# [RECORDS FOR THE EXERCISE]
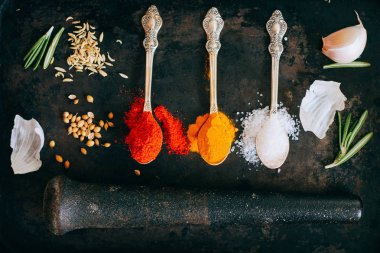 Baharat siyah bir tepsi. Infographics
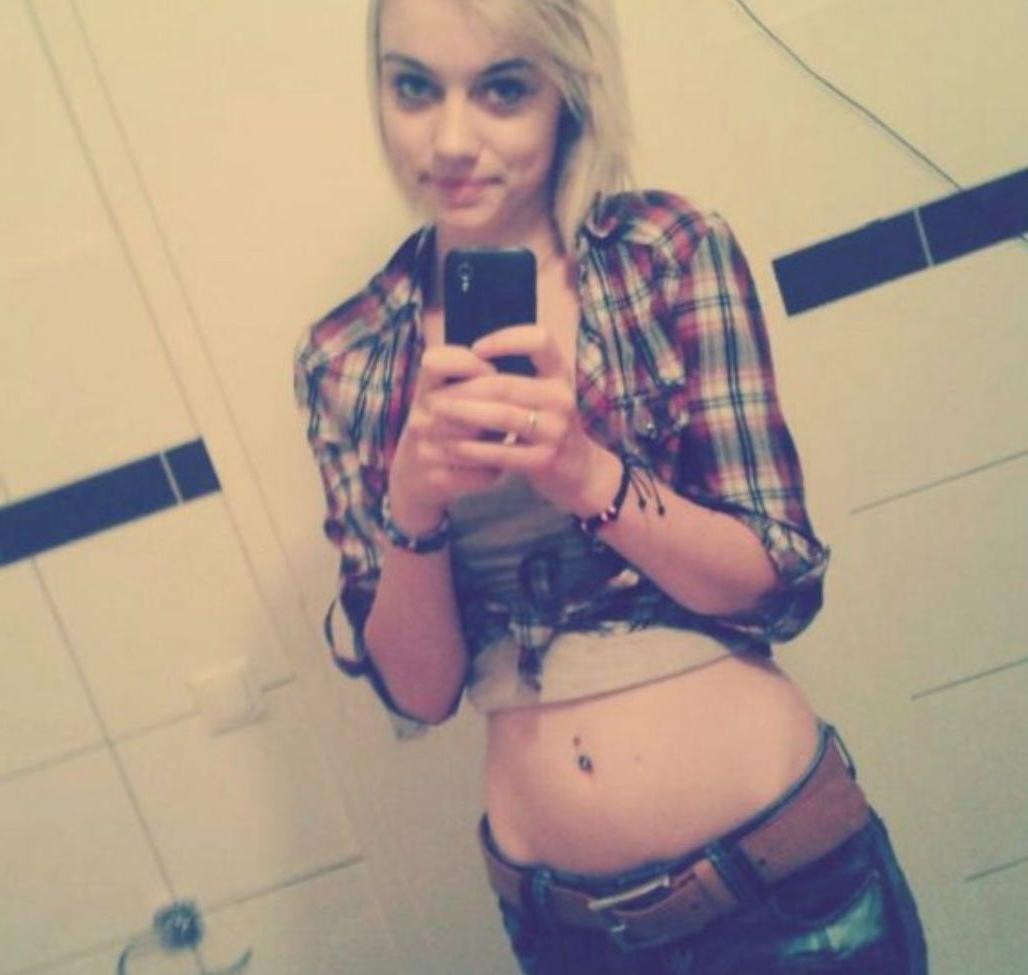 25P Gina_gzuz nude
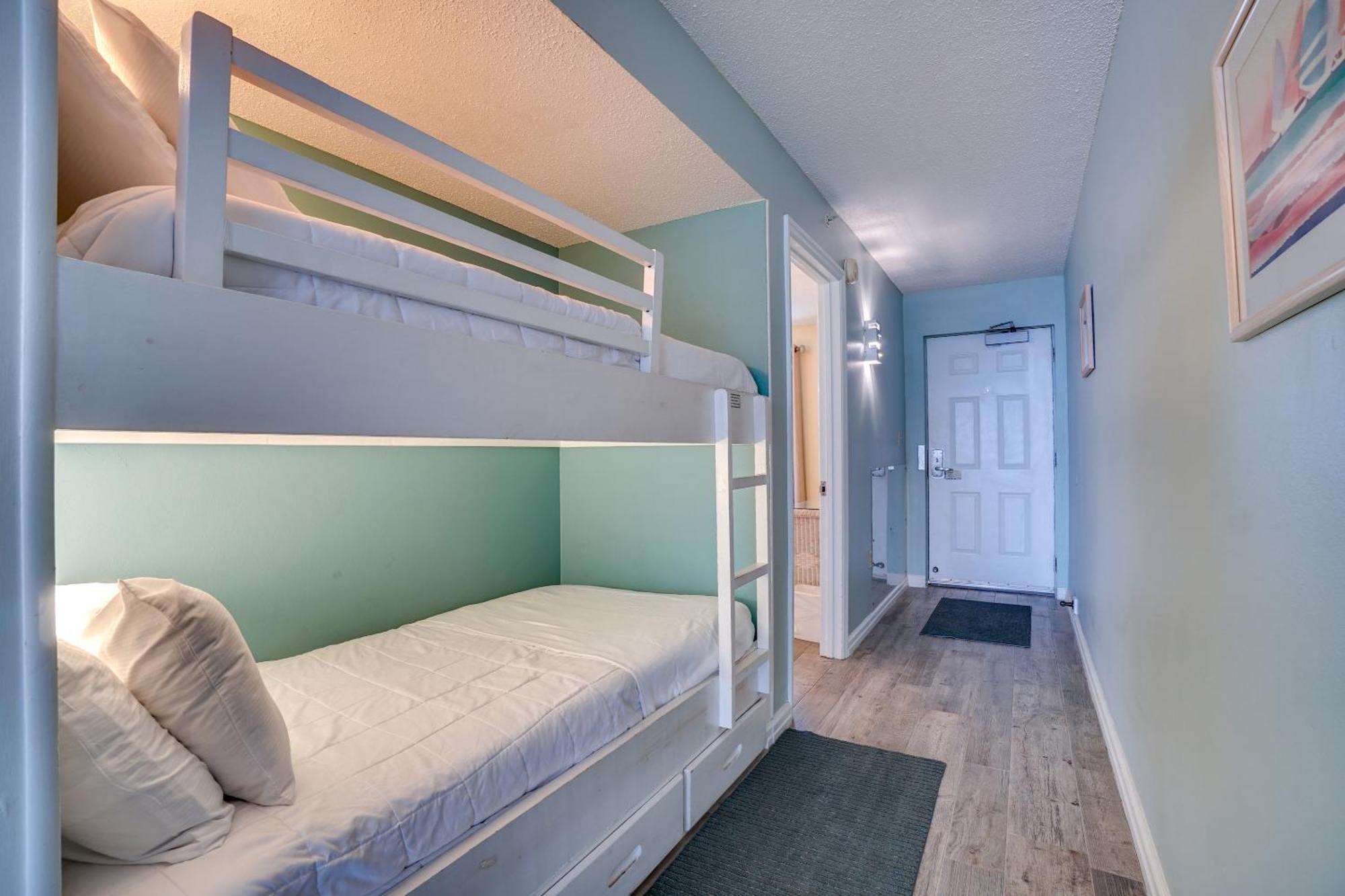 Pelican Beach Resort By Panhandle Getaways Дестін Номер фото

* * *

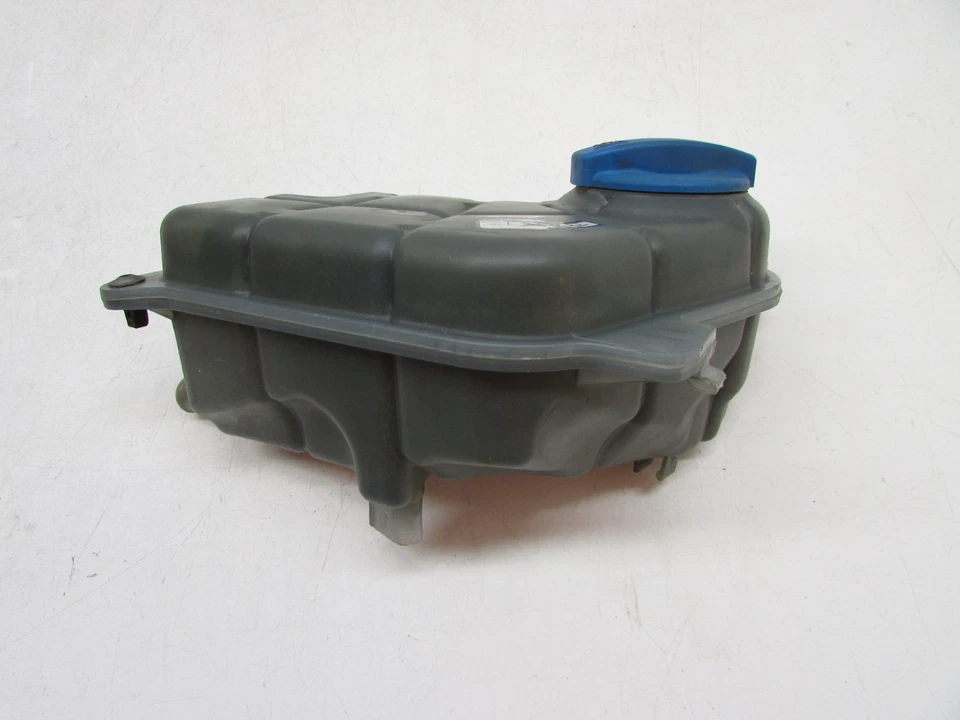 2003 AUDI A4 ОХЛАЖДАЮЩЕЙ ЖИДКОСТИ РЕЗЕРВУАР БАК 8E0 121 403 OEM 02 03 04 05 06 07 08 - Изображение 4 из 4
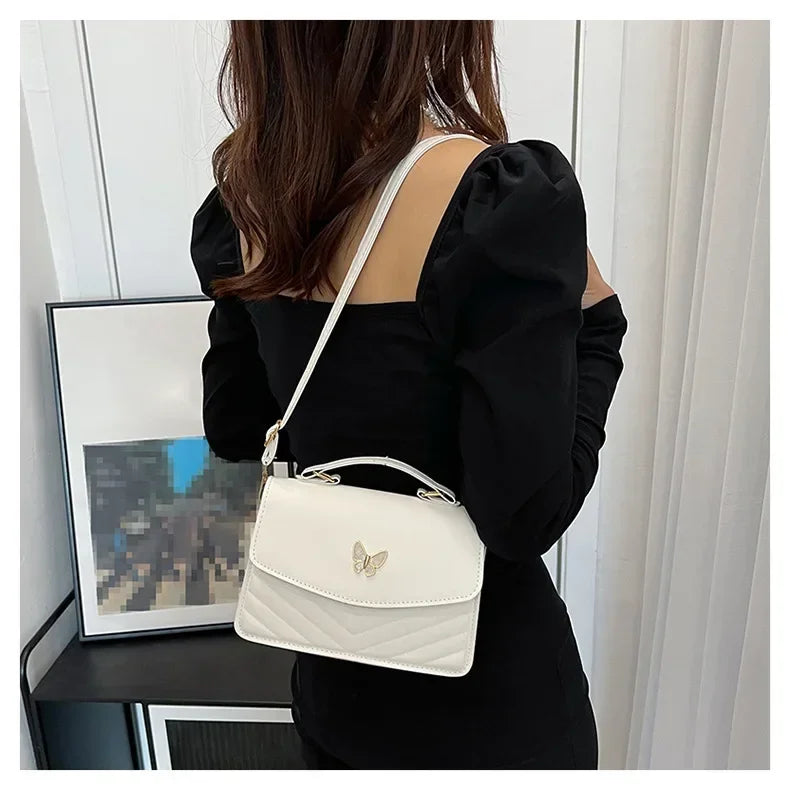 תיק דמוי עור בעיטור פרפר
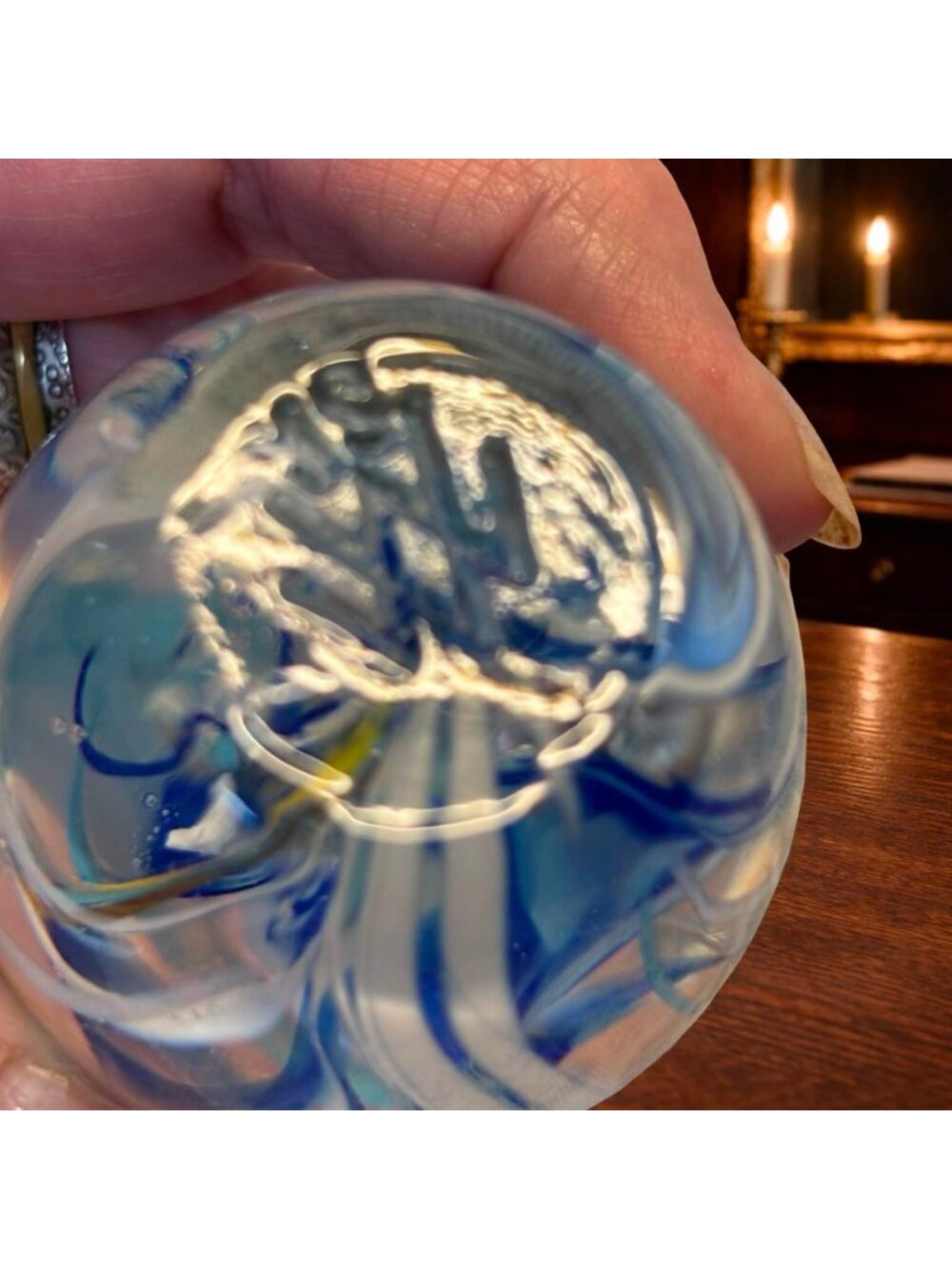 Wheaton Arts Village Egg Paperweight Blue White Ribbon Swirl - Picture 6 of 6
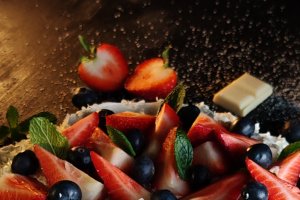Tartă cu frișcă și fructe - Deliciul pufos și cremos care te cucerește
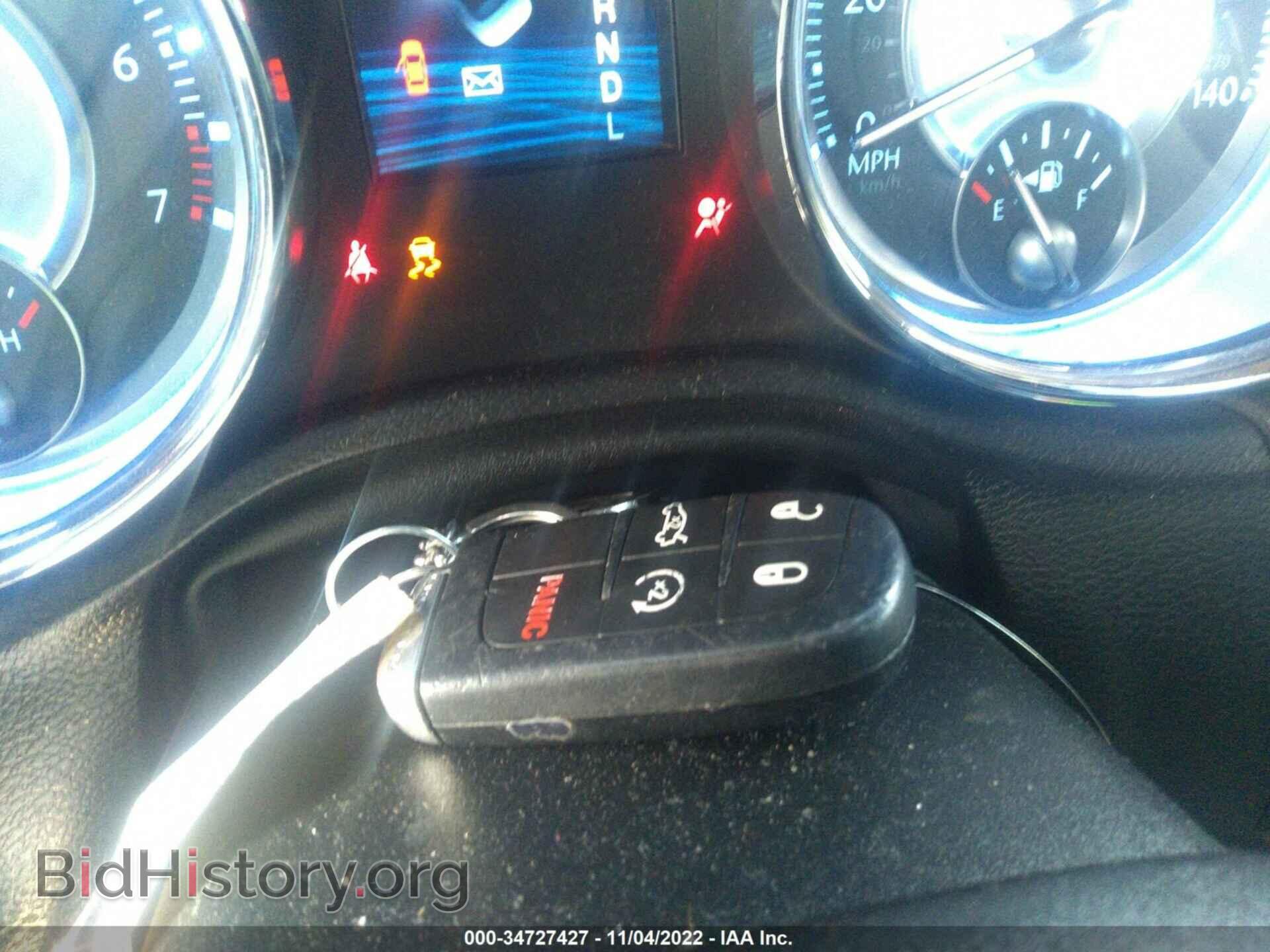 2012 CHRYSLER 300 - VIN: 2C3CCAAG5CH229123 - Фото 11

# [TASK GOAL]
Print nothing except the lines above from the one containing "Tartă cu frișcă" down to the one containing "2012 CHRYSLER 300", both included, exactly as written and free of pictures.

# [ANSWER BOX]
Tartă cu frișcă și fructe - Deliciul pufos și cremos care te cucerește
 2012 CHRYSLER 300 - VIN: 2C3CCAAG5CH229123 - Фото 11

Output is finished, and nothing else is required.